Nix most likely does something unusual, possibly around the read-only remounts and mount namespaces.
Ah I see! Do you have an idea where in the code this might be happening?
I recently had an issue that was maybe related: I enabled zstd compression on /nix/store, which meant the kernels were compressed, but I was on grub 2.02, so in the end I couldn't boot anymore. Trying to force decompression via btrfs CLI didn't work, and I'm wondering if Nix was doing something weird with the mounts.
Seems like that only triggers when the store is read-only though, which wasn't my case (and seems like it wasn't @vcunat's case either).

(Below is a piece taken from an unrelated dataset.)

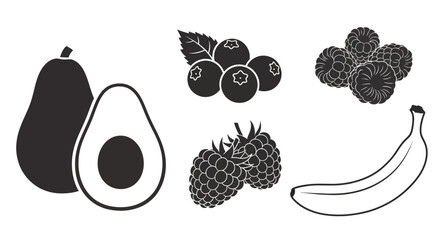 Black and white illustrations of various fruits with blueberries blackberries raspberries illustrations avocado nutrition healthy graphic with banana © Nimay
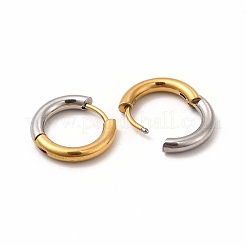 女性用ツートンカラー 304 ステンレススチール ハギーフープピアス  ゴールデン·ステンレス鋼色  14x15x2.5mm  ピン：1mm&nbsp;EJEW-C011-07A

Anyway, I wonder if the call to mount should preserve the mount options the filesystem is mounted with, but I don't see a way to do that with mount(2), so I must be missing something.
I suppose the inner read-write remount was a more likely culprit anyway
With nix.readOnlyStore = false there is no additional inner mount point for /nix/store. And newly substituted store paths still have no compression. Proof:
$ mount | grep "on / type btrfs"
/dev/mapper/vg-fs_tree on / type btrfs (rw,noatime,compress-force=zstd,ssd,space_cache,subvolid=274,subvol=/fs_tree)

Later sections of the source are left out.